1989 Winston 500
- The 1989 Winston 500 program cover, featuring Phil Parsons.
- Date: May 7, 1989
- Official name: 20th Annual Winston 500
- Location: Lincoln, Alabama, Alabama International Motor Speedway
- Course: Permanent racing facility
- Course length: 2.66 miles (4.28 km)
- Distance: 188 laps, 500.08 mi (804.8 km)
- Scheduled distance: 188 laps, 500.08 mi (804.8 km)
- Average speed: 155.869 miles per hour (250.847 km/h)
- Attendance: 140,000

Pole position
- Driver: Mark Martin; / Roush Racing
- Time: 49.601

Most laps led
- Driver: Davey Allison / Robert Yates Racing
- Laps: 94

Winner
- No. 28: Davey Allison / Robert Yates Racing

Television in the United States
- Network: ESPN
- Announcers: Bob Jenkins, Ned Jarrett, Benny Parsons

Radio in the United States
- Radio: Motor Racing Network

= 1989 Winston 500 =

Ninth race of the 1989 NASCAR Winston Cup Series

The 1989 Winston 500 was the ninth stock car race of the 1989 NASCAR Winston Cup Series season and the 20th iteration of the event.

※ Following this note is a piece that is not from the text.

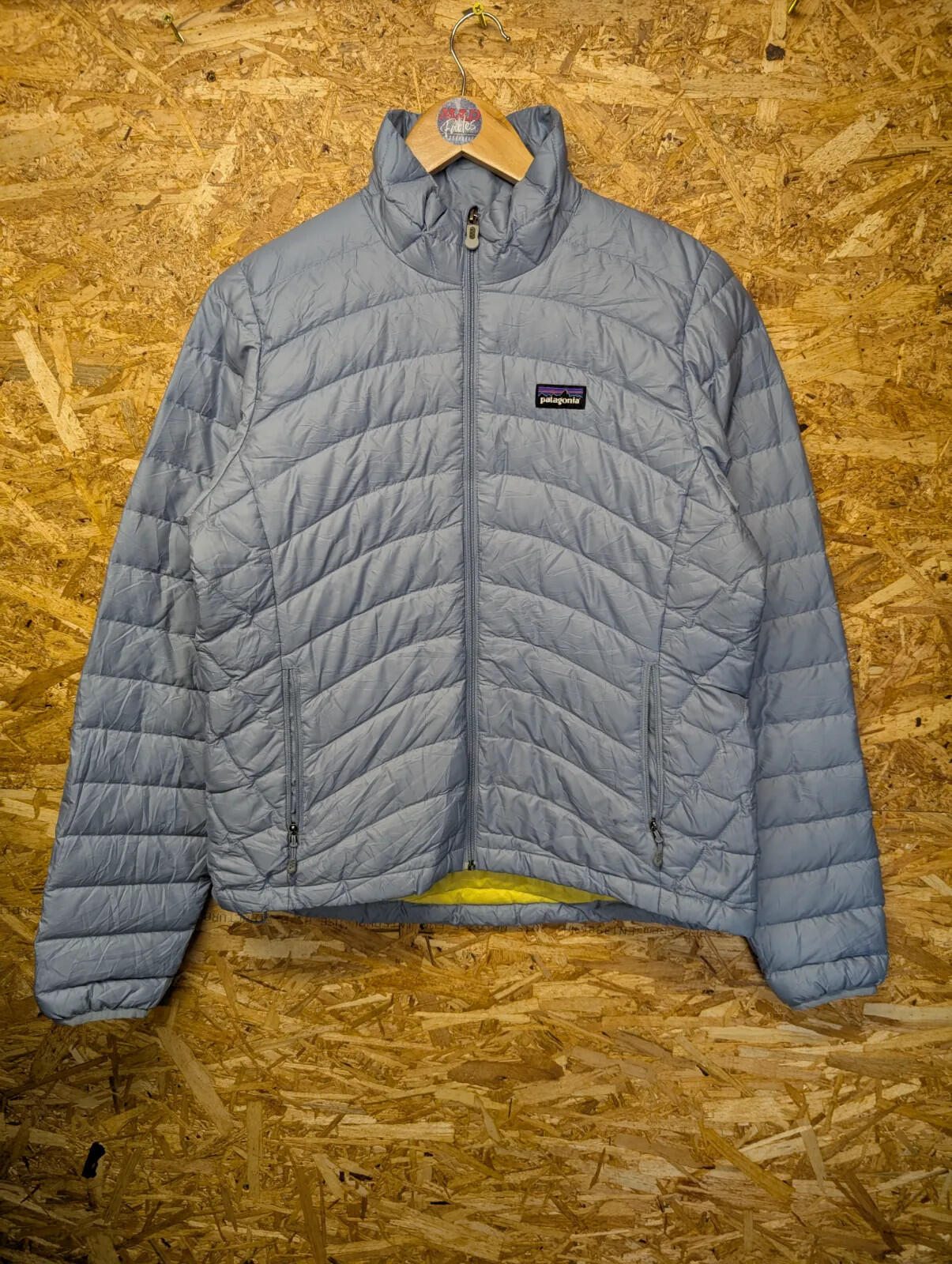 Patagonia Down Sweater Puffer Jacket Womens Medium Light Blue GooseDown Feather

The race was held on Sunday, May 7, 1989, before an audience of 140,000 in Lincoln, Alabama at Alabama International Motor Speedway, a 2.66 miles (4.28 km) permanent triangle-shaped superspeedway. The race took the scheduled 188 laps to complete. In the final laps of the race, Robert Yates Racing driver Davey Allison would make a late-race charge to the lead, passing for the lead with nine laps left in the race to take his fifth career NASCAR Winston Cup Series victory and his first victory of the season. To fill out the top three, Junior Johnson & Associates driver Terry Labonte and Roush Racing driver Mark Martin would finish second and third, respectively.

== Background ==

The layout of Talladega Superspeedway, the venue where the race was held.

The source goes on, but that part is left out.